The application offers a dashboard view displaying all previously uploaded scans. Custom software that was provided for the purposes of this study by Nurea enabled the queuing of larger badges of CTA scans, thereby enabling to analyze multiple scans without further intervention of the user. The analysis of each scan requires about 1 to 5 minutes, depending on the number of images per scan. After selection of the DICOM CTA images, no further intervention of the user was required. The software then produces a report in pdf format for every scan that can be accessed through the dashboard view within the application. Larger sets of results can be exported in tabular format as well. An excerpt of the report is presented in Supplemental Figure 2. A full report is presented in Supplementary Material 1. The software recommends for the user to visually review the report to verify plausibility of the segmentation and provides 2-dimensional and 3-dimensional visualization of the segmented volumes, including an overview and imaging slices, from which the measurements are derived.
Statistical Analysis
Statistical analysis was performed using “R” (version 4.3.1, 64 bit, Vienna, Austria). 16 For the validation of the PRAEVAorta software’s accuracy in measuring the maximum AAA diameter (outer-to-outer), descriptive statistical analysis is used with mean values and standard deviations (SDs).
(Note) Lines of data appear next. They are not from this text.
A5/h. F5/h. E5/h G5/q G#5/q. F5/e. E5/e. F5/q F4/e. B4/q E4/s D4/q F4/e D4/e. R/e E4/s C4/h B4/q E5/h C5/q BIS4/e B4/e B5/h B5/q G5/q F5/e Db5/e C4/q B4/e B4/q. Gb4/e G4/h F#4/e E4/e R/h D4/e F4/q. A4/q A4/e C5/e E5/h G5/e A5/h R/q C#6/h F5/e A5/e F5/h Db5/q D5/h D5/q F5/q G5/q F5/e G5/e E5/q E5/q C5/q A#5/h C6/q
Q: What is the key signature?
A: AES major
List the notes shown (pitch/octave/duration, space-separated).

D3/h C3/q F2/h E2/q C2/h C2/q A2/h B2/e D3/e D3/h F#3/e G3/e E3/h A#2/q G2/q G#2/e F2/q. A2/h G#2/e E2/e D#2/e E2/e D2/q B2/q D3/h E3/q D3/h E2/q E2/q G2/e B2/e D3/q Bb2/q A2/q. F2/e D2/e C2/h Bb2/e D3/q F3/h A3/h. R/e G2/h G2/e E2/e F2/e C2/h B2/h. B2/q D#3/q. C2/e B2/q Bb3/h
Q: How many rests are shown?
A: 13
Furthermore, a correlation of the manual and fully-automated diameter measurements is calculated as well as a Bland-Altman plot and intraclass correlations (ICCs). The ICC is presented with 95% confidence intervals (95% CIs). An absolute, maximum difference of <5 mm was defined as clinically acceptable, considering interobservership differences in the literature.5,7,17–19
Results
Imaging Data
There were 871 contrast CT scans available for the purposes of this study displaying the full abdominal aorto-iliac anatomy in arterial phase. These 871 scans were analyzed fully-automatically by the PRAEVAorta software. After analysis, generated pdf reports were independently assessed by 2 observers (J.H., A.B.). Subsequently, 87 scans (10.0%) were excluded for obvious segmentation errors due to misdetection of the aortic segments or misdetection of the outer circumference of the aortic wall. Representative images of excluded scans are presented in Figure 1. The remaining 784 scans were matched with the corelab data set, which resulted in 762 available matched pairs for analysis. For 22 scans (2.8%), there were no corelab measurements available at the time of data curation for this study.
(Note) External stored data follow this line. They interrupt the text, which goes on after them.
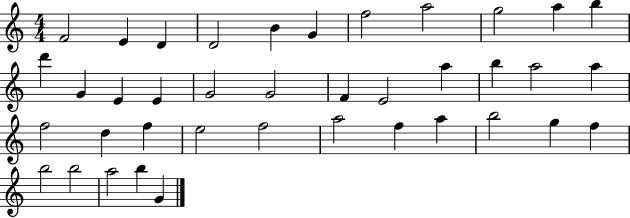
F4/h E4/q D4/q D4/h B4/q G4/q F5/h A5/h G5/h A5/q B5/q D6/q G4/q E4/q E4/q G4/h G4/h F4/q E4/h A5/q B5/q A5/h A5/q F5/h D5/q F5/q E5/h F5/h A5/h F5/q A5/q B5/h G5/q F5/q B5/h B5/h A5/h B5/q G4/q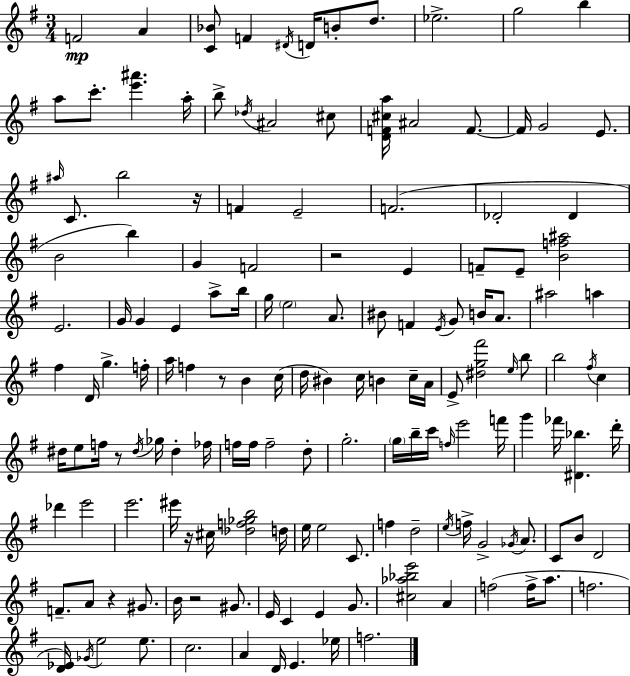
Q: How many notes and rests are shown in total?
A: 153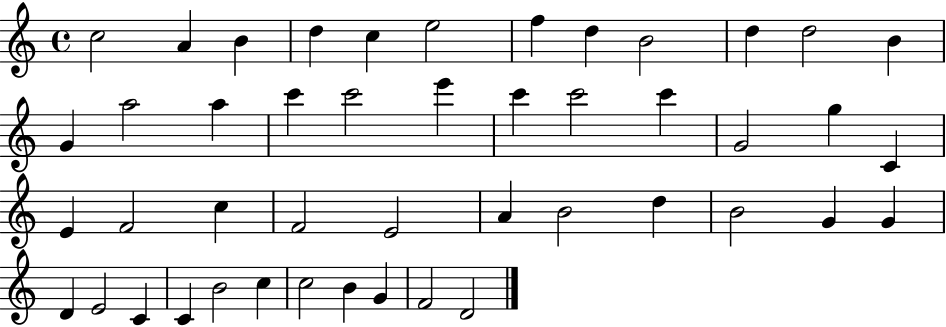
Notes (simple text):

C5/h A4/q B4/q D5/q C5/q E5/h F5/q D5/q B4/h D5/q D5/h B4/q G4/q A5/h A5/q C6/q C6/h E6/q C6/q C6/h C6/q G4/h G5/q C4/q E4/q F4/h C5/q F4/h E4/h A4/q B4/h D5/q B4/h G4/q G4/q D4/q E4/h C4/q C4/q B4/h C5/q C5/h B4/q G4/q F4/h D4/h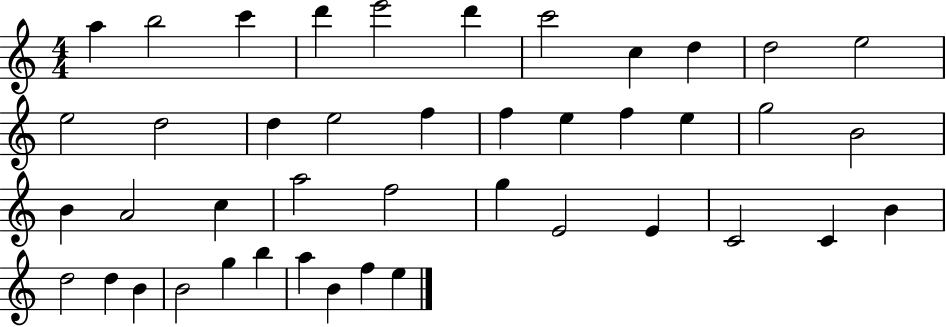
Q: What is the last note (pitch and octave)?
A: E5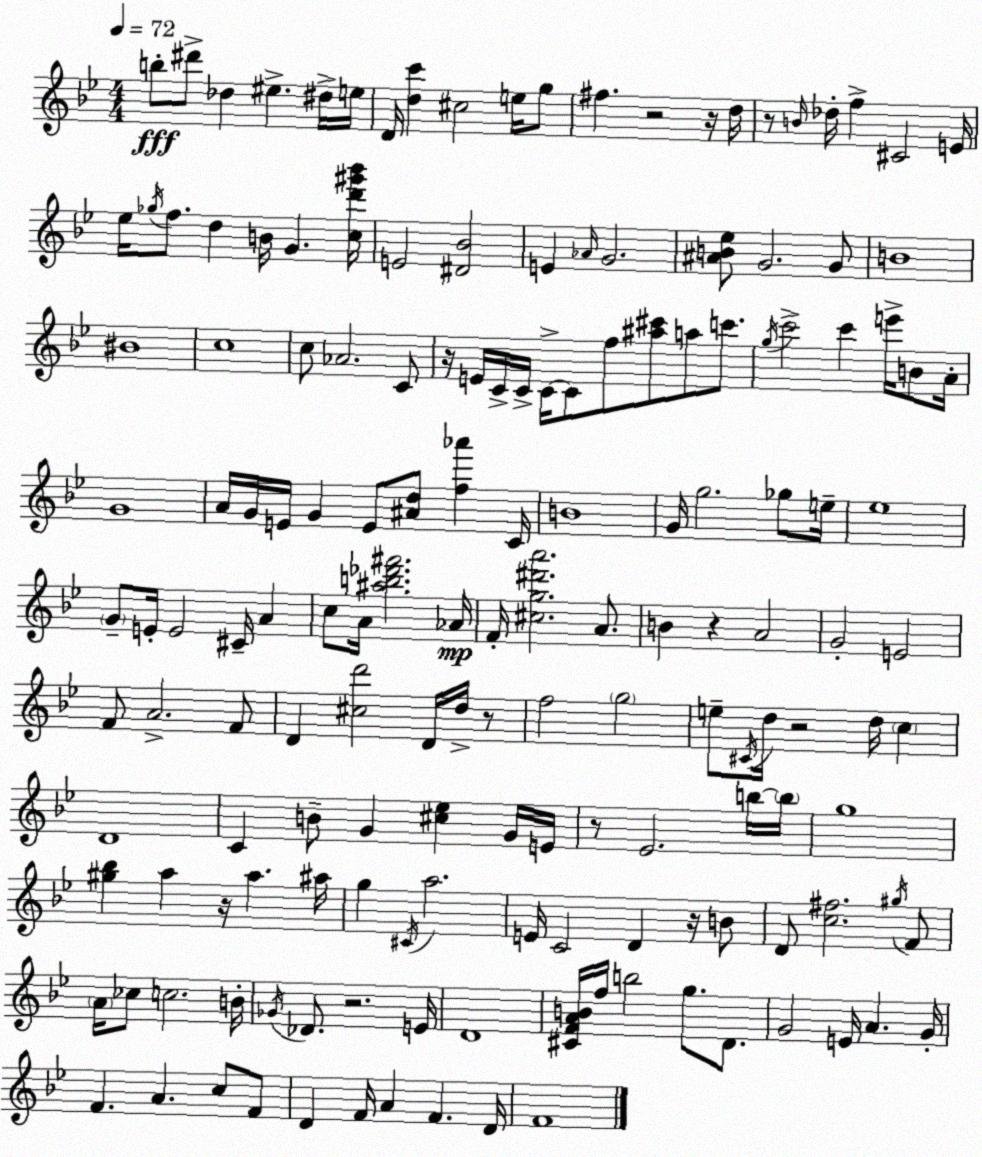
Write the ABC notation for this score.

Scans with obvious errors in segmentations (N=87/871, 10.0%). All reports were scanned for these errors and independently assessed for plausibility by 2 observers (J.H., A.B.). Obviously flawed segmentations were excluded from further analysis.
There were 263 preoperative scans and 499 postoperative scans. Most scans had a slice thickness of 1 to 3 mm (N=477, 62.6%), followed by a slice thickness of <1 mm (N=213, 30.0%) and a slice thickness of >3 mm (N=72, 9.4%). The mean slice thickness across the included scans was 1.2 mm (SD=0.7). The excluded scans had a slice thickness of 1.4 mm (SD=0.9) with 33 scans <1 mm (37.9%), 41 with 1 to 3 mm (47.1%), and 13 with >3 mm (15.0%). A flowchart presenting included scans is presented in Figure 2.
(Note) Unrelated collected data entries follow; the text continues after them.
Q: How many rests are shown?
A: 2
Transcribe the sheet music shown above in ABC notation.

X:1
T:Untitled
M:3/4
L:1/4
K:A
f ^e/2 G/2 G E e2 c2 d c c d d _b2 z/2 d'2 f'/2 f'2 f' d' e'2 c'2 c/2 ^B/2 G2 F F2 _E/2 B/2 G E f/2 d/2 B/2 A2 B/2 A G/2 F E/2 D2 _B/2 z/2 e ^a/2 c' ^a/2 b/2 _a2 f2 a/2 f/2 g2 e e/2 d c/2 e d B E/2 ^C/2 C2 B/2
Flow chart displaying the data set of the study.
PRAEVAorta 2 vs Core Laboratory
The mean aortic diameter across all scans as measured by core laboratory and PRAEVAorta 2 was 58.8 mm (SD=10.0) and 58.5 mm (SD=10.2), respectively. The mean absolute difference on a per scan basis between core laboratory and PRAEVAorta 2 was 0.28 mm (SD=2.4). 727 of 762 (95.4%) measurements showed a clinically acceptable accuracy with an absolute difference of <5 mm. A total of 628 (82.4%) scans showed a measurement difference of <3 mm. There was a strong correlation between the measurements provided by PRAEVAorta and the core laboratory with a correlation coefficient of 0.97. The correlation is displayed in Supplemental Figure 3. A total of 727 analyzed matched pairs (95.4%) were within a range of 5 mm in difference. The Bland-Altman plot is presented in Figure 3. The limits of agreement (95% confidence interval) were −4.36 mm for the lower and 4.93 mm for the upper limit of agreement with a bias of 0.28 mm.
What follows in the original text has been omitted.